A terceira grande contribuição de Vicente Gonçalves para a ciência portuguesa foi constituída pelos seus estudos históricos. Numa época em que pouco interesse havia pela análise do nosso passado intelectual, Vicente Gonçalves publicou uma série de minuciosos estudos sobre os trabalhos de alguns dos maiores matemáticos portugueses.  Essa preocupação pelo passado era na altura praticamente inaudita. Com excepção da resenha histórica de Gomes Teixeira (1851–1933), publicada em 1934, já depois da sua morte, praticamente não existiam estudos históricos da época sobre a matemática em Portugal.  Vicente Gonçalves considerava que o respeito pelo passado pode desenvolver o brio no futuro e dedicou os últimos anos da sua vida ao estudo das contribuições dos matemáticos portugueses.  A ele se deve, em grande parte, o reconhecimento da grandeza de José Anastácio da Cunha, em cuja sala o velho senhor das matemáticas portuguesas foi homenageado no centenário do seu nascimento, em 1996.

 

Vicente Gonçalves sobre a Ciência em Portugal

«Acabara a lição de Álgebra Superior […] fomos acompanhando o Mestre pela Rua Larga, a caminho de sua casa.  Enchia-nos de orgulho ir ali junto com um homem capaz de ombrear com as mais altas figuras da Matemática contemporânea, e doía-nos a injustiça de não vermos seu nome na galeria dos grandes mestres europeus, nem menção dos seus trabalhos em livros da especialidade, — quando deles tanto lustre podia vir ao país.  Neste redemoinho de juízos e sentimentos juvenis, destrava-se o alarme da insensatez e parte de súbito a fremente injunção — Mande esse trabalho para França, para que o ponham nos livros!

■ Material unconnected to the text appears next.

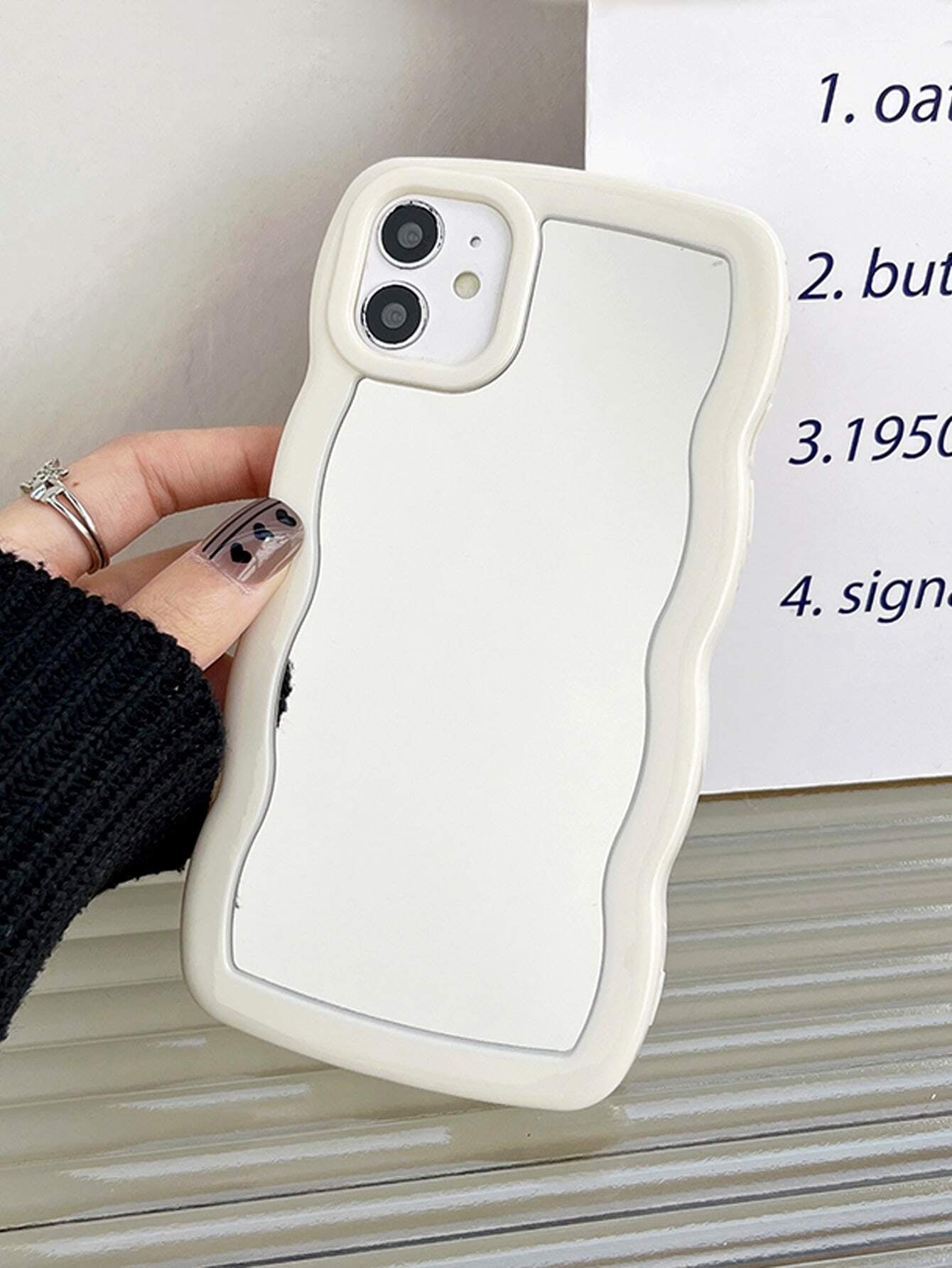 Acrylic Wavy Mirror Phone Case Compatible with Iphone 17 Pro Max/17 Pro/17 Air/17/16 Pro Max/16/16 Pro/16 Plus/15/15 Pro/15 Pro Max/11/12/13/14 Pro Max/Xs/Xr/11 Pro/11 Pro Max/12 Pro/12 Pro Max/13 Pro/13 Pro Max/7 Plus/14 Pro/14 Pro Max/14 Plus/7 Plus/8 Plus/8/Se2, Thick Shockproof Hard Shell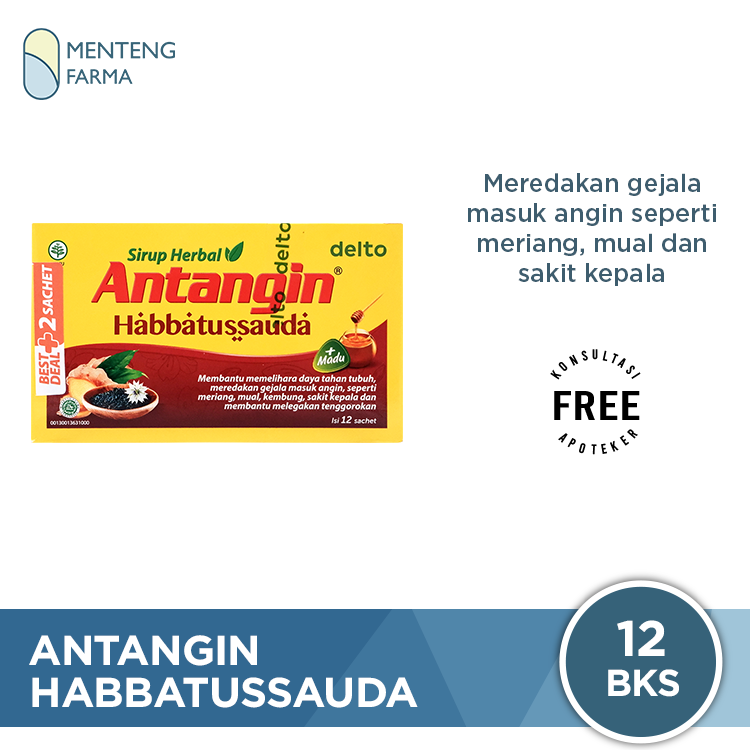 Antangin Habbatussauda 12 Sachet - Sirup Masuk Angin Meriang Mual Pusing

«Ainda hoje nos punge a desolação da resposta:  “Que ideia!  Isto é apenas o abc; nós em Matemática estamos cem anos atrás dos franceses”.

«Tenho referido por vezes esta dura lição, — sempre que a julgo oportuna ou salutar; mas nunca a entendi em desprimor dos universitários portugueses.»

 

Vicente Gonçalves, in Ciência, Abril de 1948, p. 9. 

[Julga-se que o autor se referia ao professor Bruno de Cabedo.]